::: Source information :::
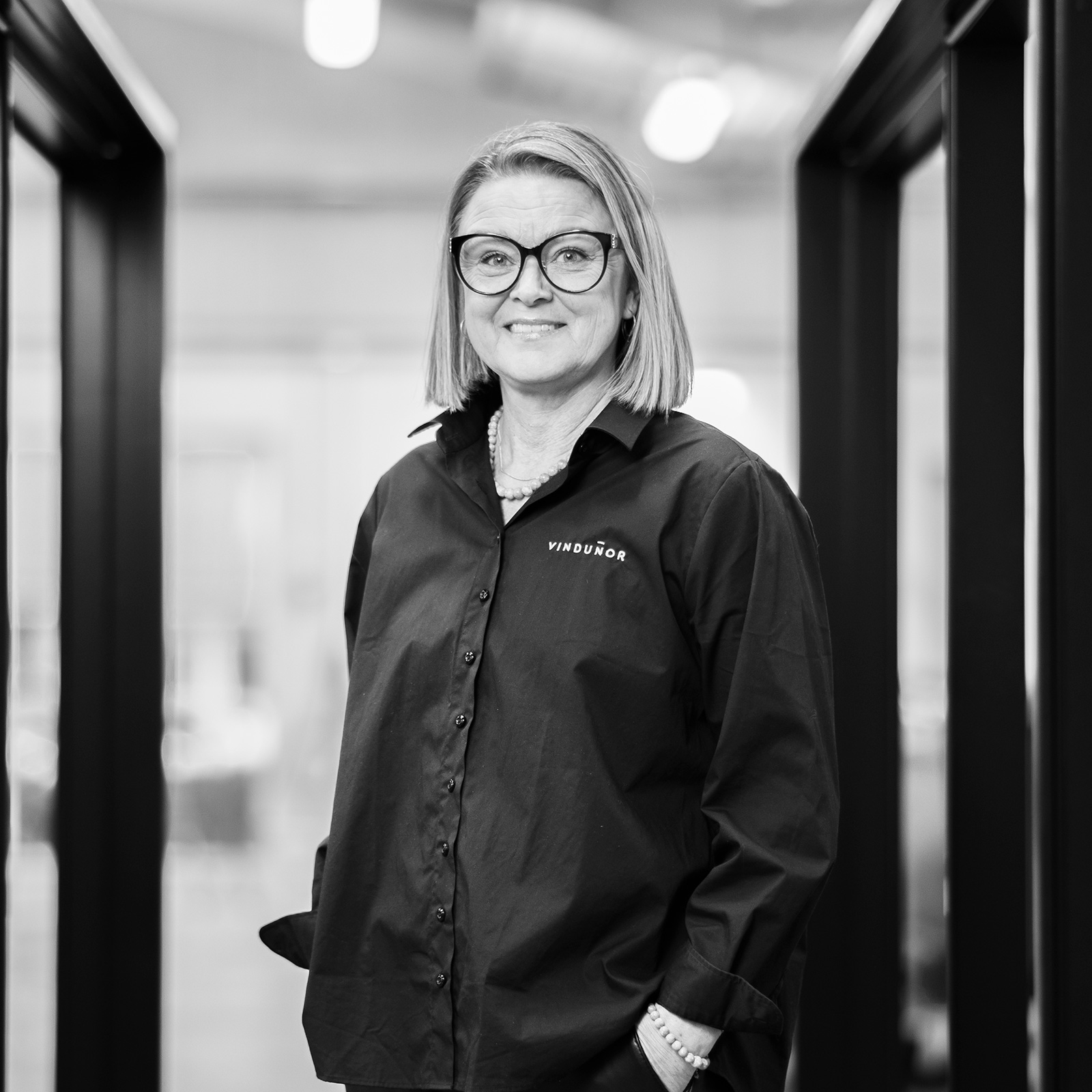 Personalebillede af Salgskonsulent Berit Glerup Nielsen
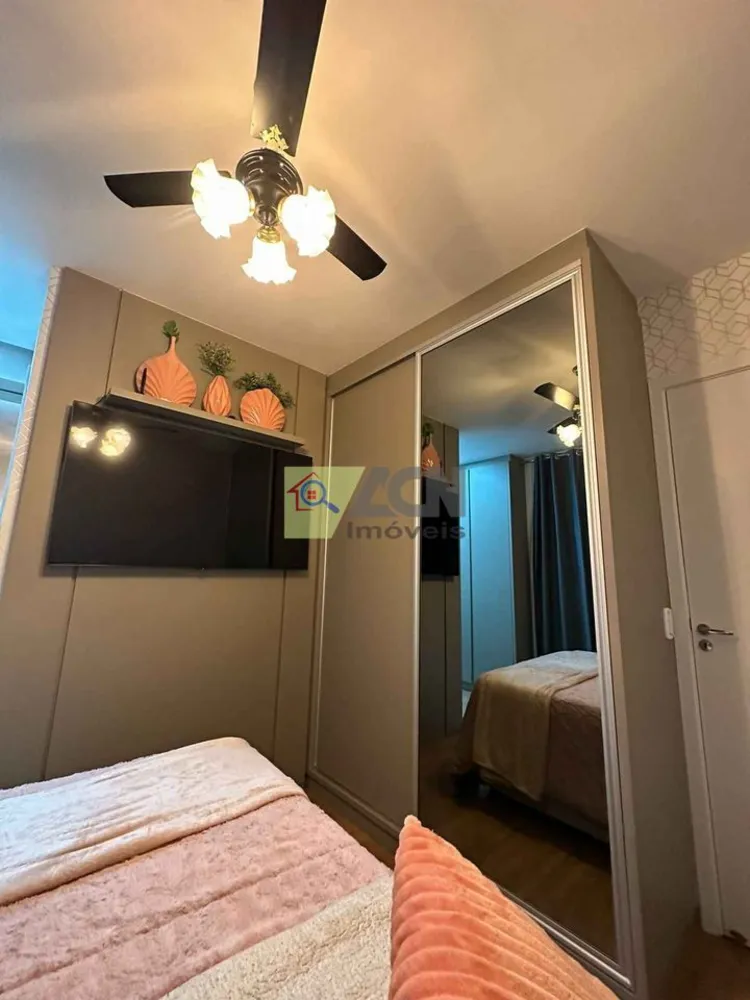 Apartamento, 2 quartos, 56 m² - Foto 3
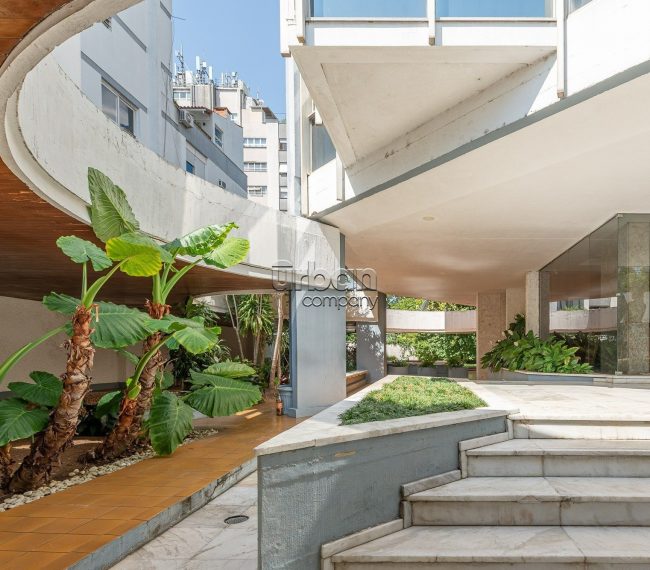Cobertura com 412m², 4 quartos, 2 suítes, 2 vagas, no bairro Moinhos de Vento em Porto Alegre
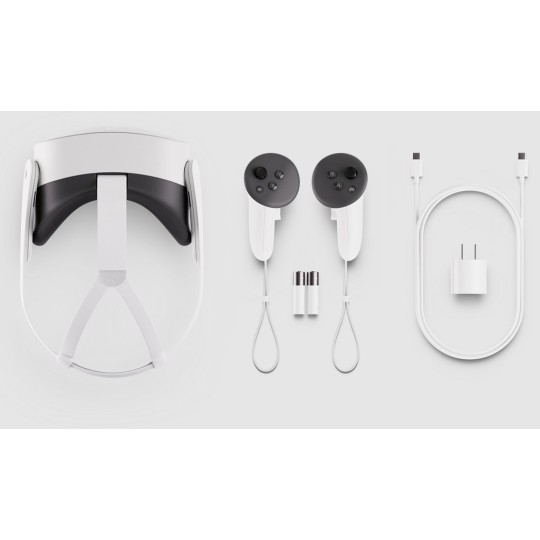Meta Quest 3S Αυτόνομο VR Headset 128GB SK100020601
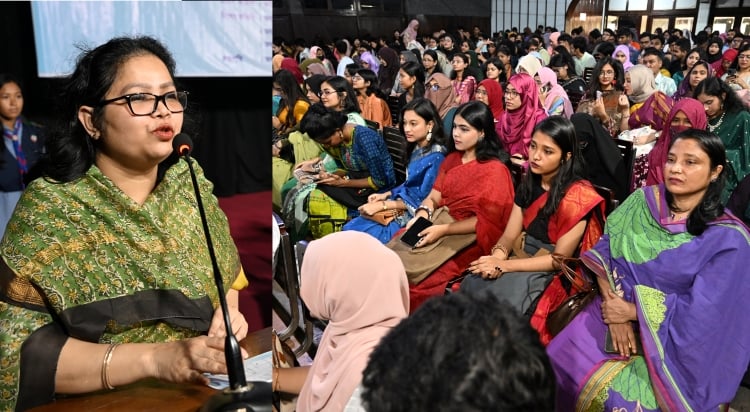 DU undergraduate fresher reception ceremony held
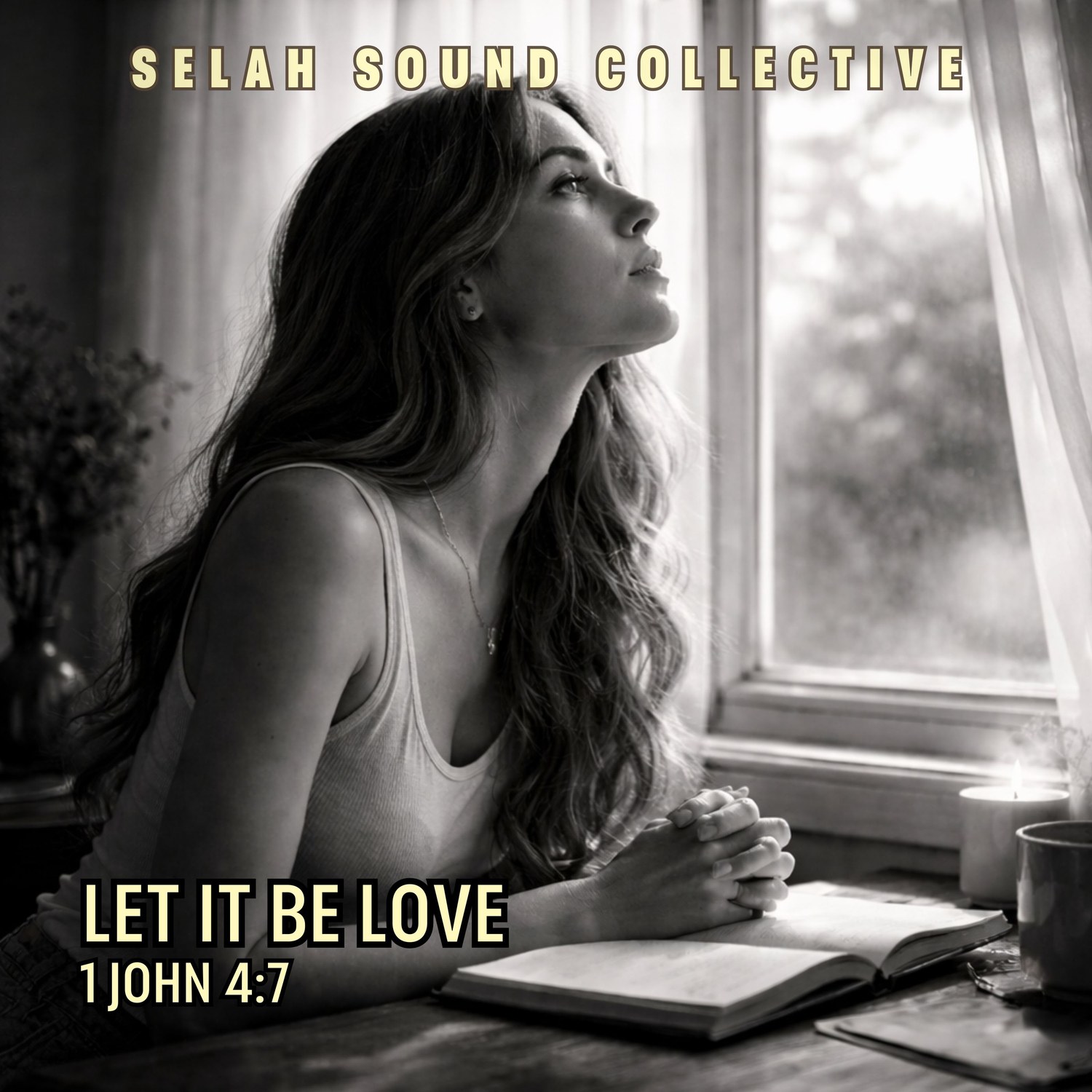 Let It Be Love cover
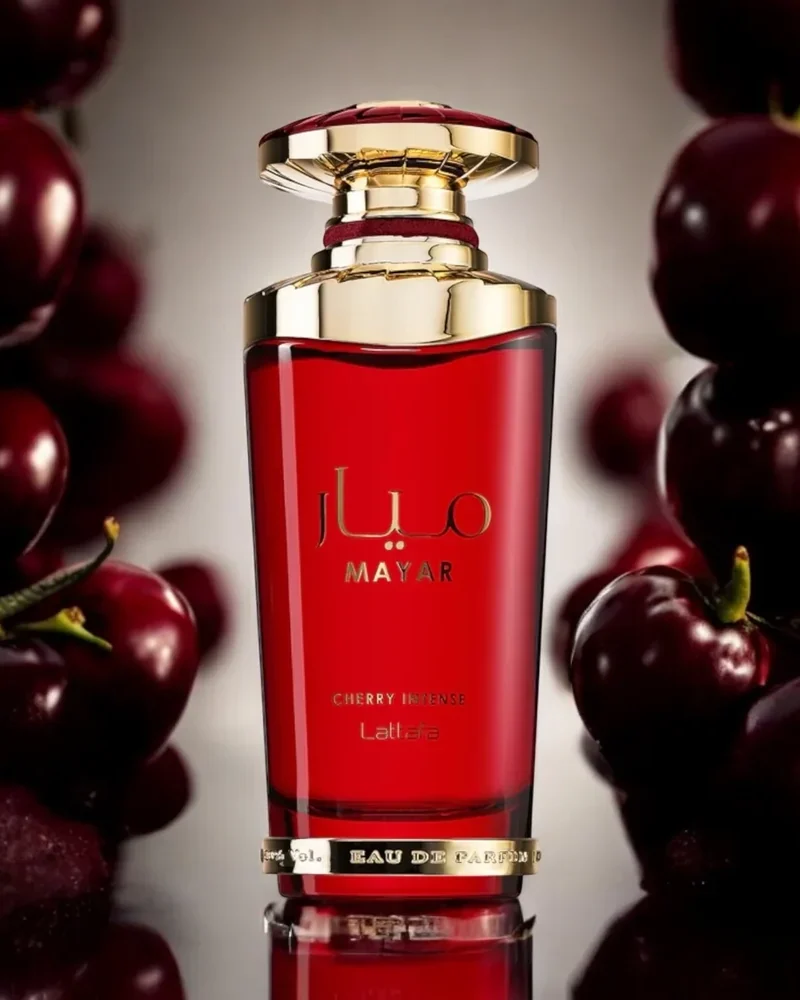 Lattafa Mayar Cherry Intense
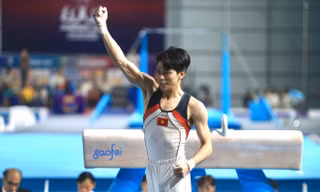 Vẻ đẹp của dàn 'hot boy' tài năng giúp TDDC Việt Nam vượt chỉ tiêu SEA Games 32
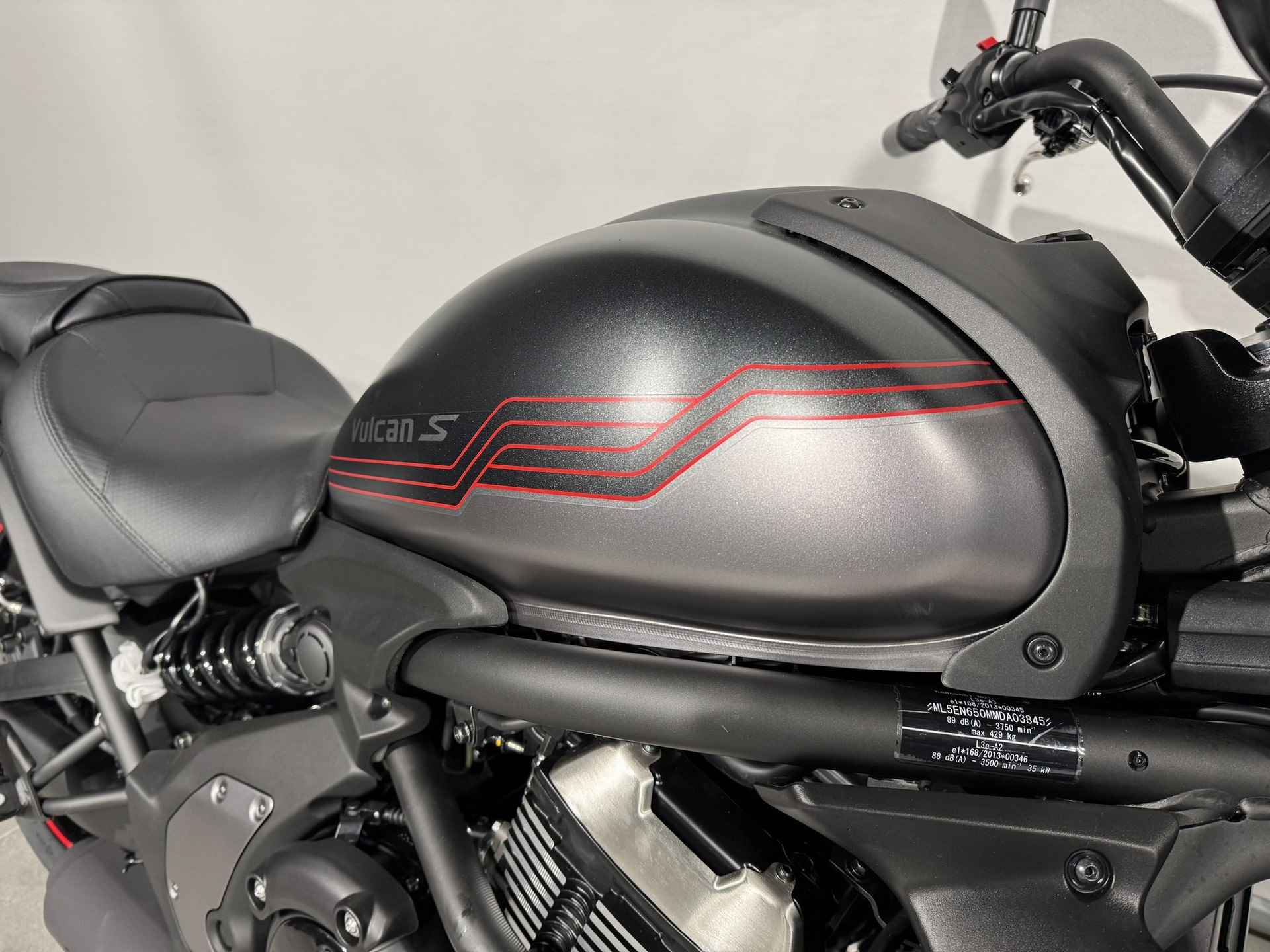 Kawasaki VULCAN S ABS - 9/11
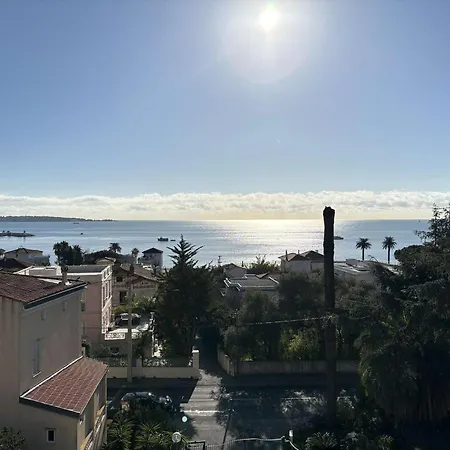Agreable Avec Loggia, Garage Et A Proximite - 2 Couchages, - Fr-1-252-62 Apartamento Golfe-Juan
:::
> What you need to do: No pictures belong in the copy. Retype exactly, and only, the lines from the line containing "Let It Be Love cover" through the last line of the data, both included.

> Task solution:
 Let It Be Love cover
 Lattafa Mayar Cherry Intense
 Vẻ đẹp của dàn 'hot boy' tài năng giúp TDDC Việt Nam vượt chỉ tiêu SEA Games 32
 Kawasaki VULCAN S ABS - 9/11
Agreable Avec Loggia, Garage Et A Proximite - 2 Couchages, - Fr-1-252-62 Apartamento Golfe-Juan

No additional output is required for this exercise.